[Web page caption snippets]
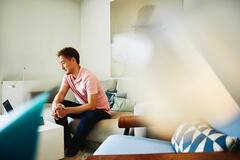 man in a pink shirt, sitting on his lounge, working from home. 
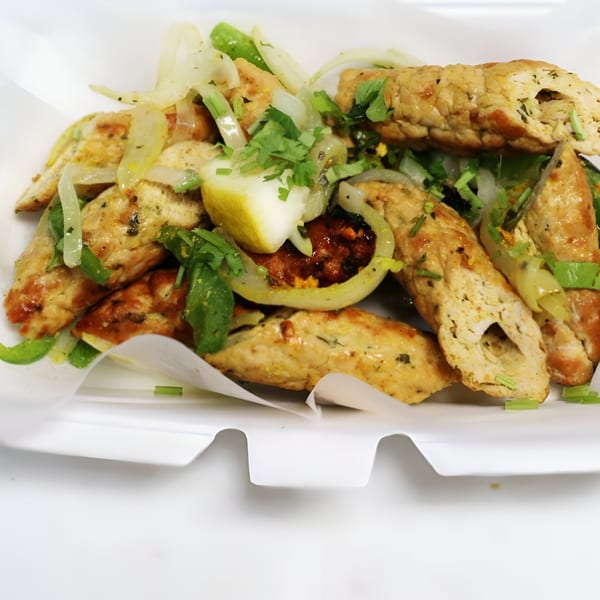 Indian seekh kebabs with sliced onions, cilantro, and a lemon wedge in a white container.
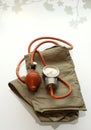 Old blood pressure cuff isolat Royalty Free Stock Photo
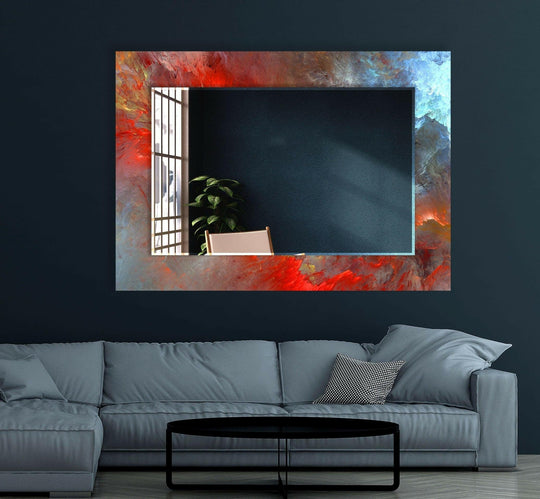 A horizontal lighted bathroom mirror features a vibrant red and blue abstract pattern with bold modern design elements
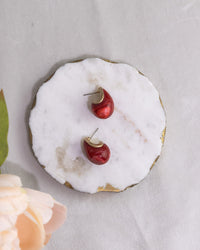 Red cherry-shaped earrings on a white marble surface with gold accents.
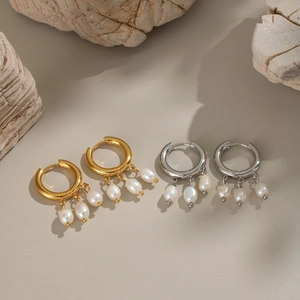 Détail de boucles d'oreilles créoles dorées et argentées avec pendentifs en perles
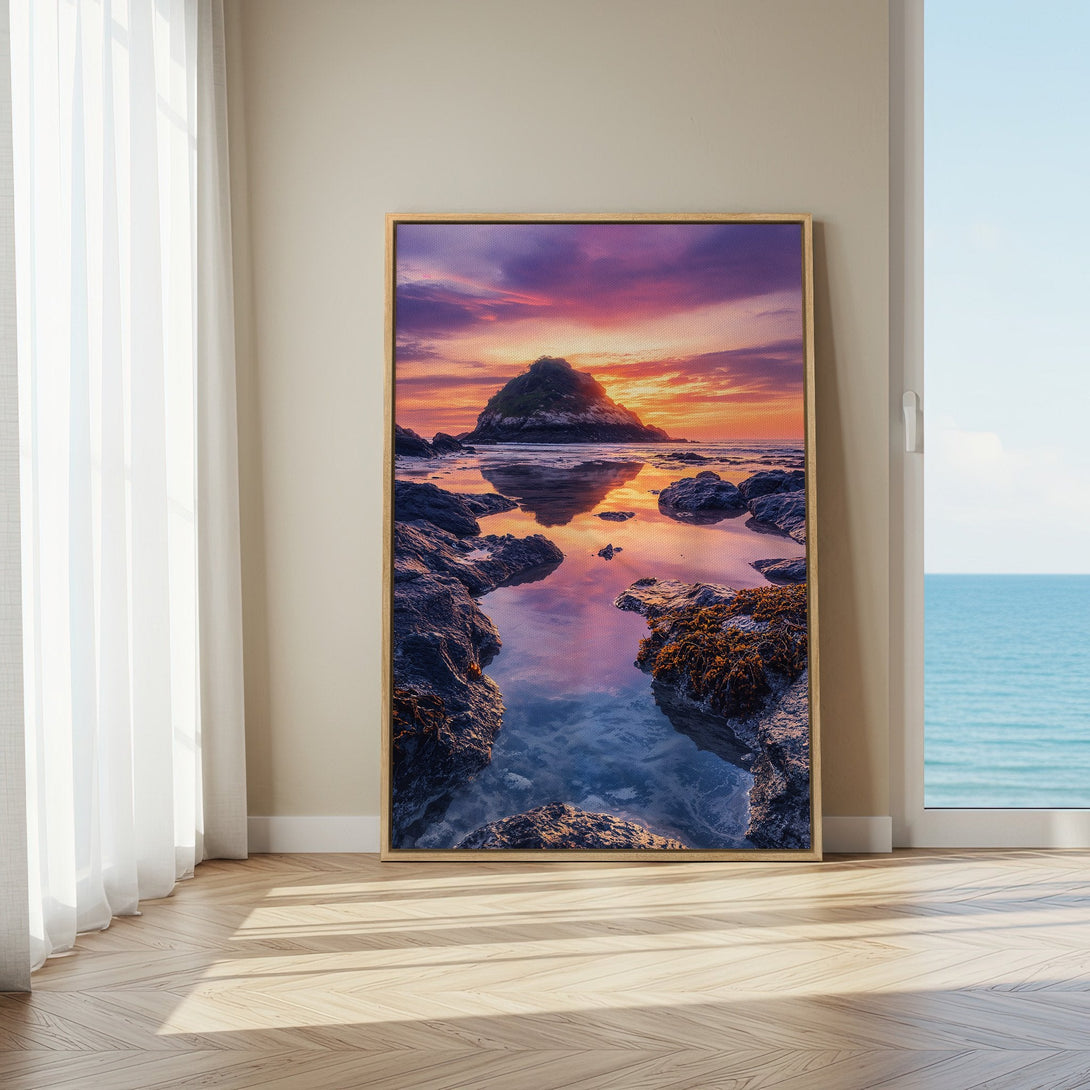 Framed Wall Art Canvas Print of a serene coastal sunset. Features vibrant orange, purple, and blue hues, perfect for adding a tranquil touch to any space.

**Problem requirements:** Omit the pictures. Write out exactly the lines from the one containing "Red cherry-shaped earrings" through the last line of the entries, both of them included.

**Response for this exercise:**
 Red cherry-shaped earrings on a white marble surface with gold accents.
 Détail de boucles d'oreilles créoles dorées et argentées avec pendentifs en perles
 Framed Wall Art Canvas Print of a serene coastal sunset. Features vibrant orange, purple, and blue hues, perfect for adding a tranquil touch to any space.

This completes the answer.